*Task to carry out:*
The entries below contain pictures. Write out only the lines from the line with "Hey! Look at" up to and including the line with "G'day guys. Today", exactly, without them.

*Records from a collection:*
□ □ □ □ □

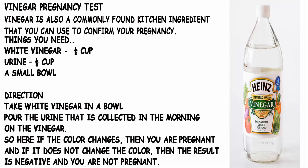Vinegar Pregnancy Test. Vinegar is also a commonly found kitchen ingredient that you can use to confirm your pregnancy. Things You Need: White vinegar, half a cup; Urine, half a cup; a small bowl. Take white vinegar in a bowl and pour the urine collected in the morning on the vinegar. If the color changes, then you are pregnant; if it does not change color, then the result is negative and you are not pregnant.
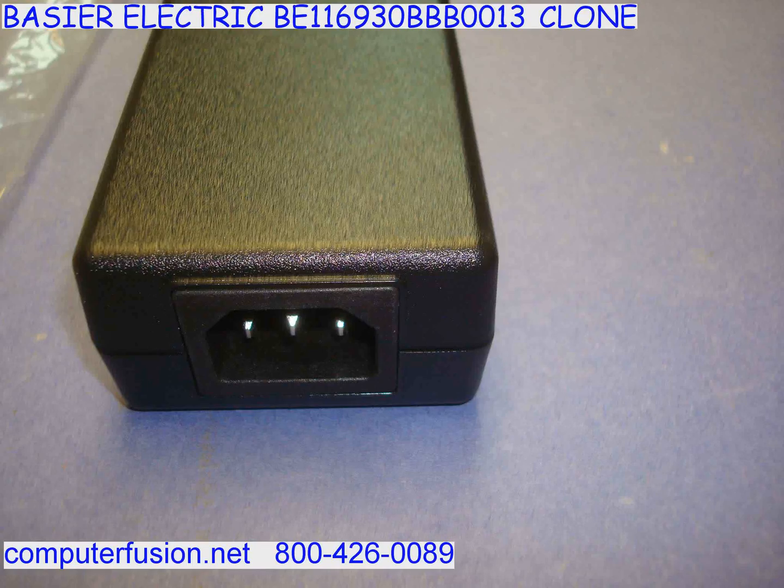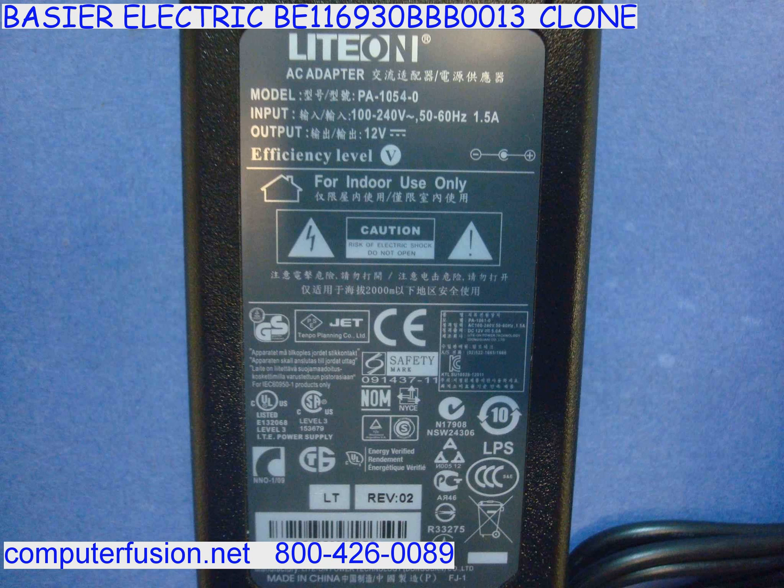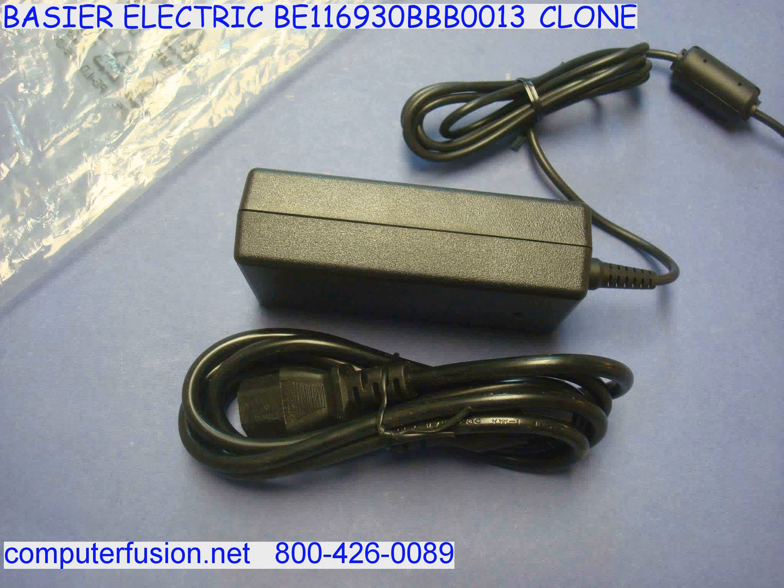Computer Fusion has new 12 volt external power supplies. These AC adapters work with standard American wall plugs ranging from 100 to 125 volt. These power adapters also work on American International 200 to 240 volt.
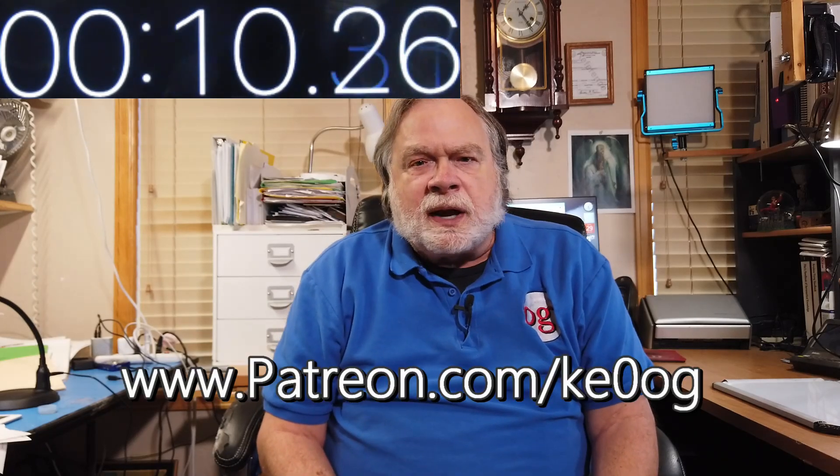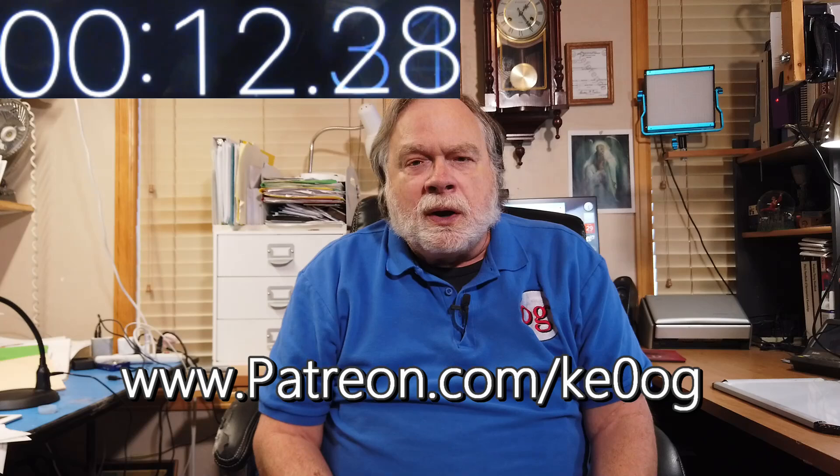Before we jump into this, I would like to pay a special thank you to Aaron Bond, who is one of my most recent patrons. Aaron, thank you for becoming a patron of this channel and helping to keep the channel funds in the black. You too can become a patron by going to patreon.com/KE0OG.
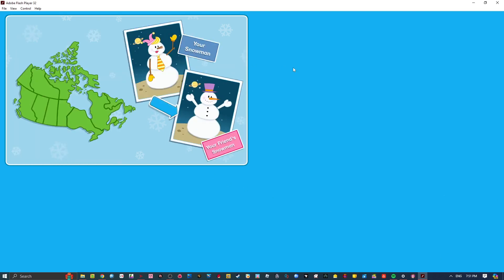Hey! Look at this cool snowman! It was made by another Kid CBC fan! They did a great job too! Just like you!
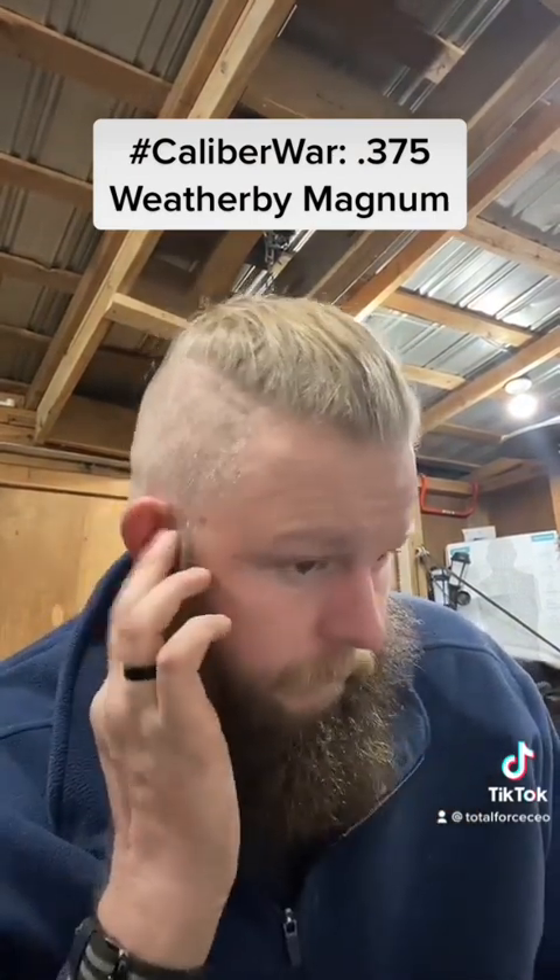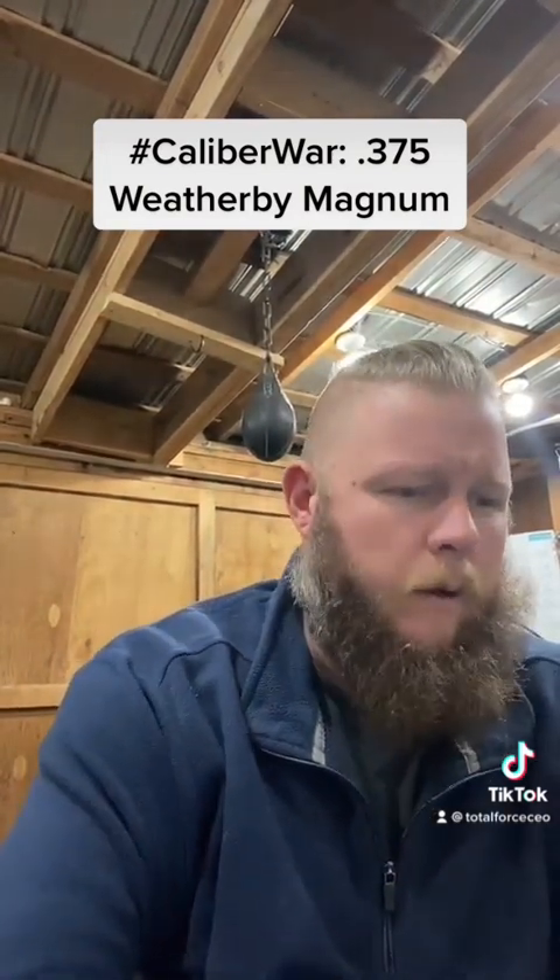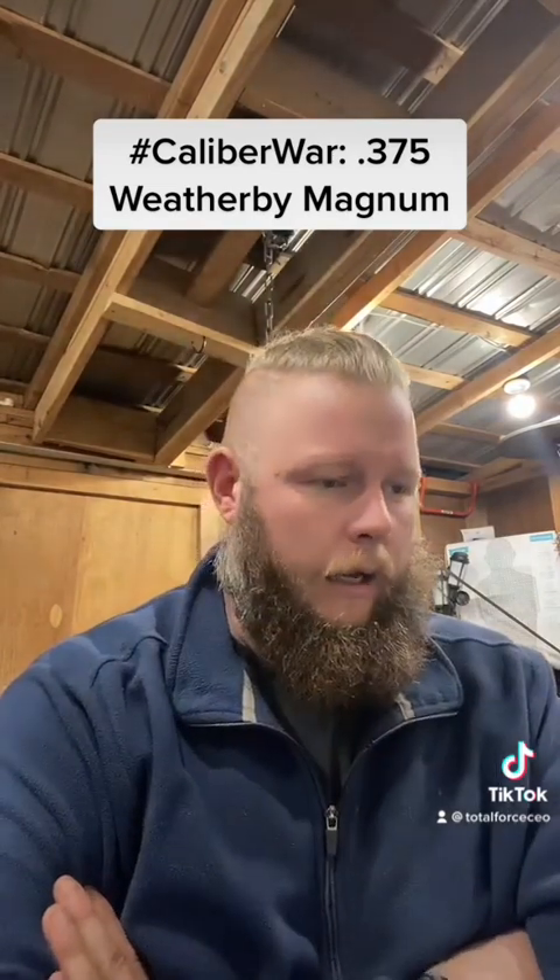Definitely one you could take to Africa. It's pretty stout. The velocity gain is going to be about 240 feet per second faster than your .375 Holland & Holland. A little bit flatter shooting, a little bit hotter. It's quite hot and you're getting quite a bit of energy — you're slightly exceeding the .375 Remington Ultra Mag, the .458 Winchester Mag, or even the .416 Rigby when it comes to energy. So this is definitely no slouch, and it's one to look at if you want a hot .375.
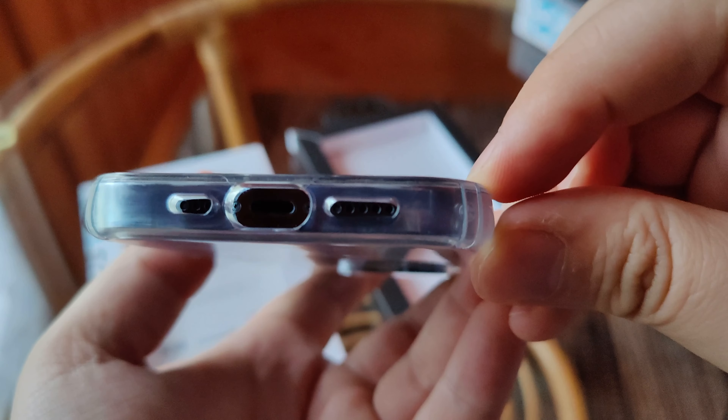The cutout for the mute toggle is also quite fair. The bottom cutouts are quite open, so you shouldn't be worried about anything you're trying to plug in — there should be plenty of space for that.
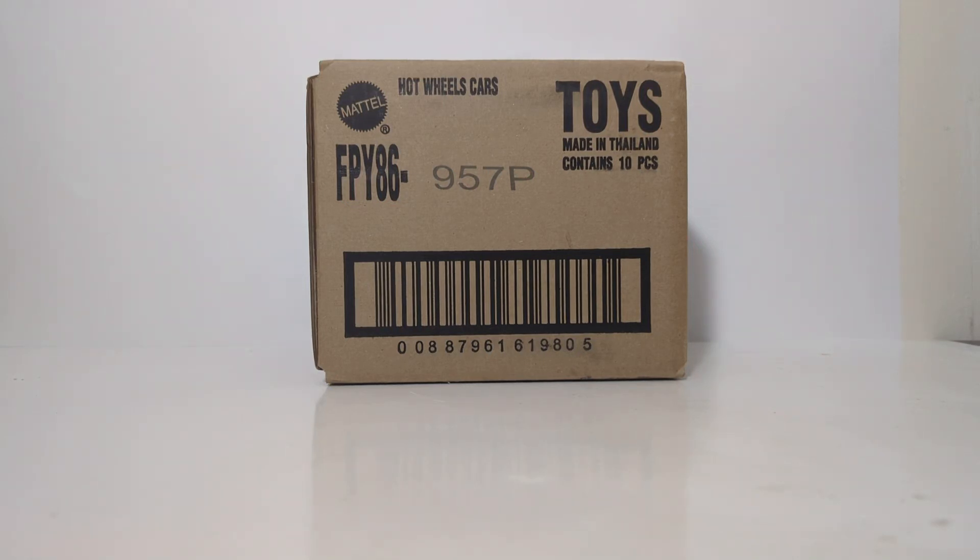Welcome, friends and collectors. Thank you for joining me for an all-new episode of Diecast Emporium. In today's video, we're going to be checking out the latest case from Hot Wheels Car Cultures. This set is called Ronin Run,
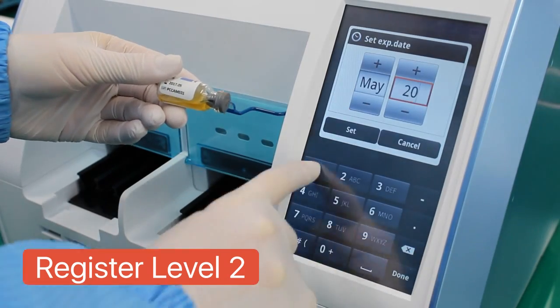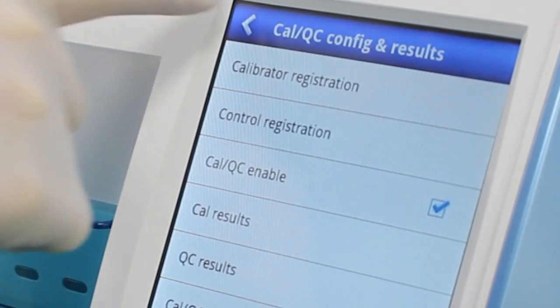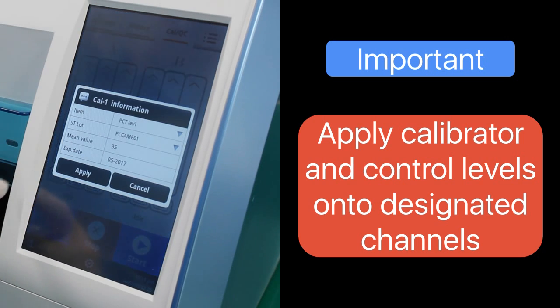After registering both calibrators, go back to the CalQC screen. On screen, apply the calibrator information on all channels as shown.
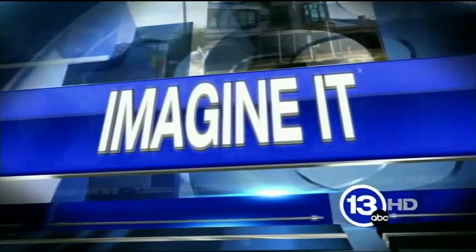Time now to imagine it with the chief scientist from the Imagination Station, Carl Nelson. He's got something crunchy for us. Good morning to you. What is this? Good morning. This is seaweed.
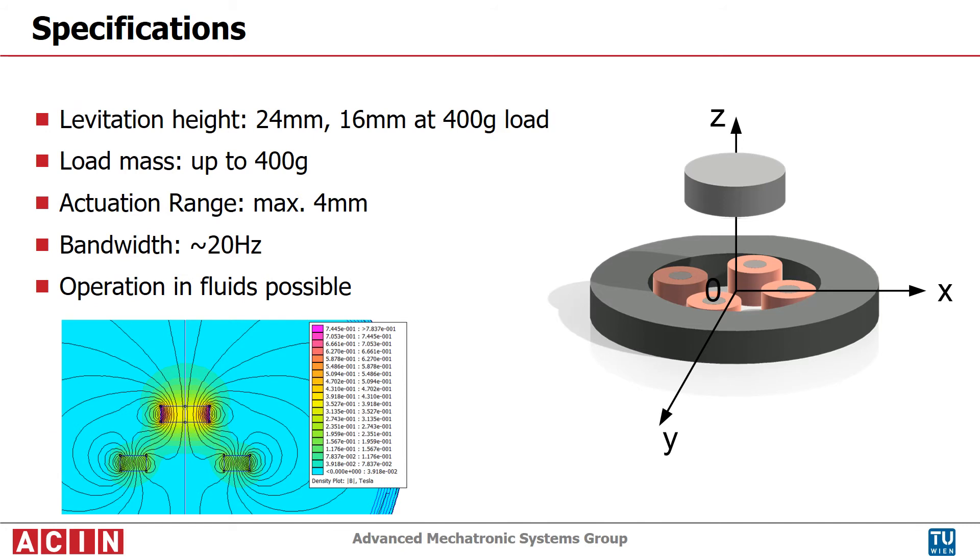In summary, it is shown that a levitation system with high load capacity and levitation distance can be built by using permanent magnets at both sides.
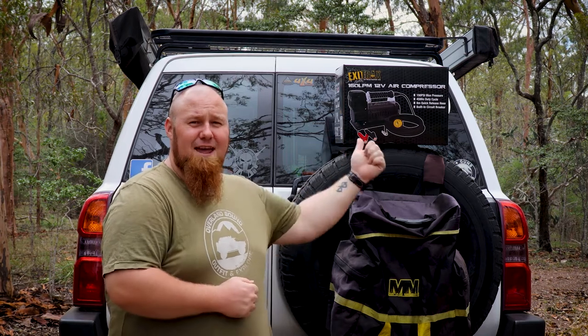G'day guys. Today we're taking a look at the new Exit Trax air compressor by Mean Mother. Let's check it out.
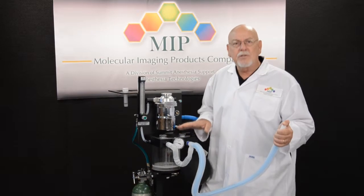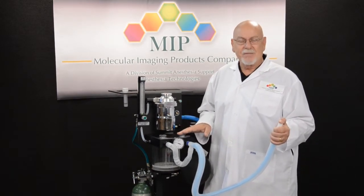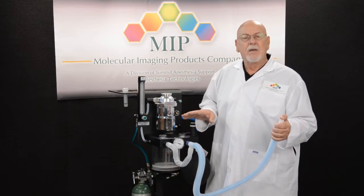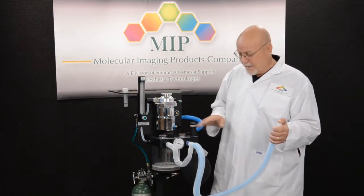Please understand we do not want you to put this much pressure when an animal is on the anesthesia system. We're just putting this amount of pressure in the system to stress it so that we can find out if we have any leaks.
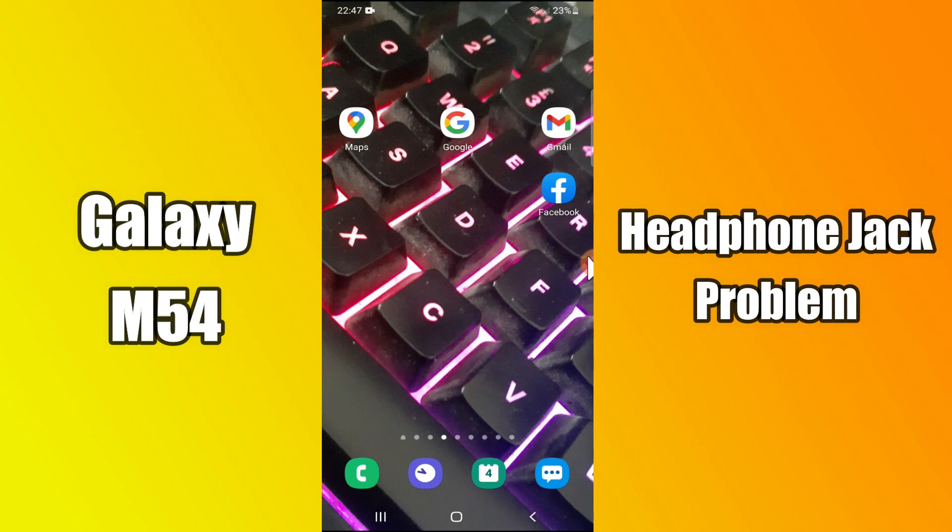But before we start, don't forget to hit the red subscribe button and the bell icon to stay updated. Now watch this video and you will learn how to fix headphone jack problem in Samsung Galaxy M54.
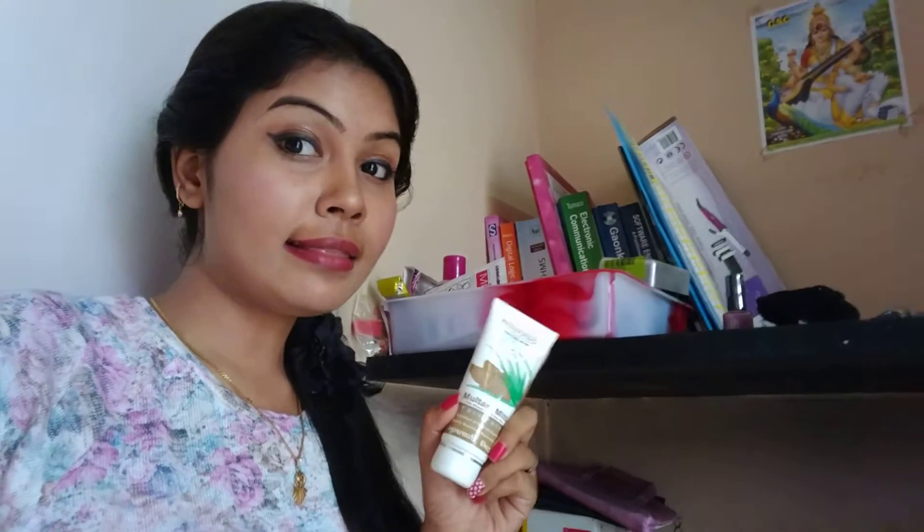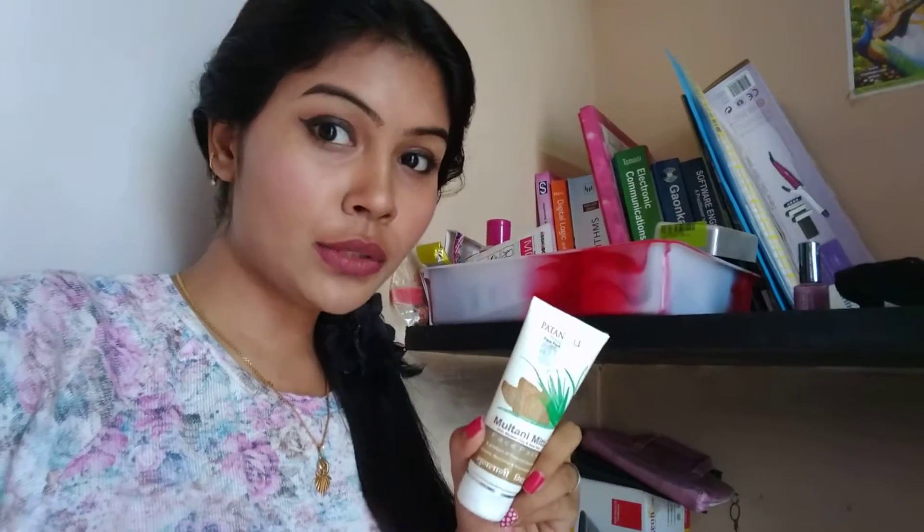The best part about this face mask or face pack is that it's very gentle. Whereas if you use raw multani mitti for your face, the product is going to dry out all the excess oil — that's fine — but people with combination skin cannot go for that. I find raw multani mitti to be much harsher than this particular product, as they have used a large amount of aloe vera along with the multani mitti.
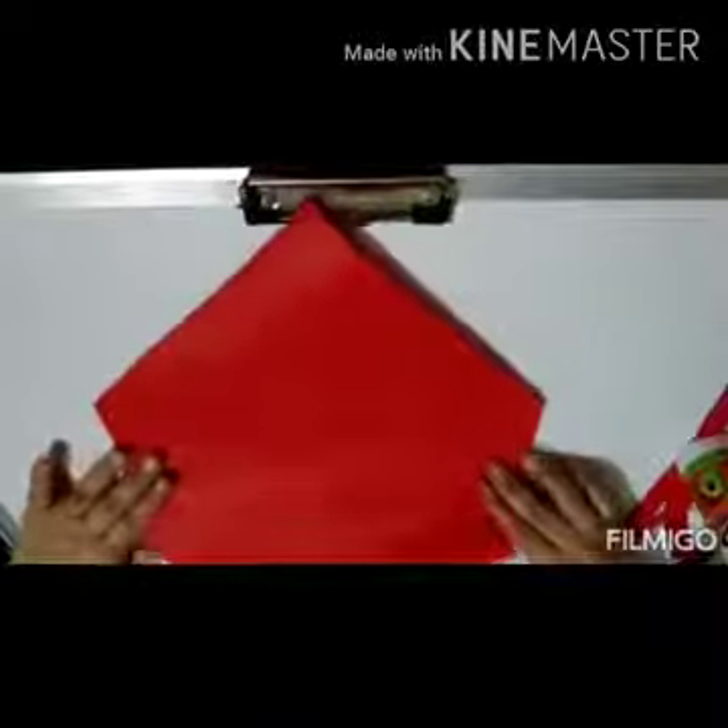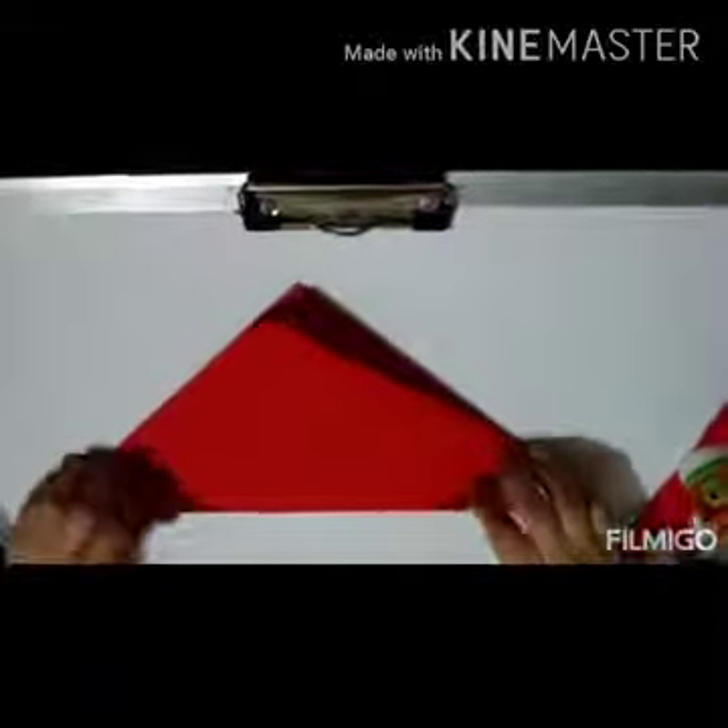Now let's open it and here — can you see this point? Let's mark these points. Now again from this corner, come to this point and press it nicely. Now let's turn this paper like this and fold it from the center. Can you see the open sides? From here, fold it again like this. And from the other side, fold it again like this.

□ □ □ □ □

*Result below:*
Hey! Look at this cool snowman! It was made by another Kid CBC fan! They did a great job too! Just like you!
Definitely one you could take to Africa. It's pretty stout. The velocity gain is going to be about 240 feet per second faster than your .375 Holland & Holland. A little bit flatter shooting, a little bit hotter. It's quite hot and you're getting quite a bit of energy — you're slightly exceeding the .375 Remington Ultra Mag, the .458 Winchester Mag, or even the .416 Rigby when it comes to energy. So this is definitely no slouch, and it's one to look at if you want a hot .375.
The cutout for the mute toggle is also quite fair. The bottom cutouts are quite open, so you shouldn't be worried about anything you're trying to plug in — there should be plenty of space for that.
Welcome, friends and collectors. Thank you for joining me for an all-new episode of Diecast Emporium. In today's video, we're going to be checking out the latest case from Hot Wheels Car Cultures. This set is called Ronin Run,
After registering both calibrators, go back to the CalQC screen. On screen, apply the calibrator information on all channels as shown.
Time now to imagine it with the chief scientist from the Imagination Station, Carl Nelson. He's got something crunchy for us. Good morning to you. What is this? Good morning. This is seaweed.
In summary, it is shown that a levitation system with high load capacity and levitation distance can be built by using permanent magnets at both sides.
G'day guys. Today we're taking a look at the new Exit Trax air compressor by Mean Mother. Let's check it out.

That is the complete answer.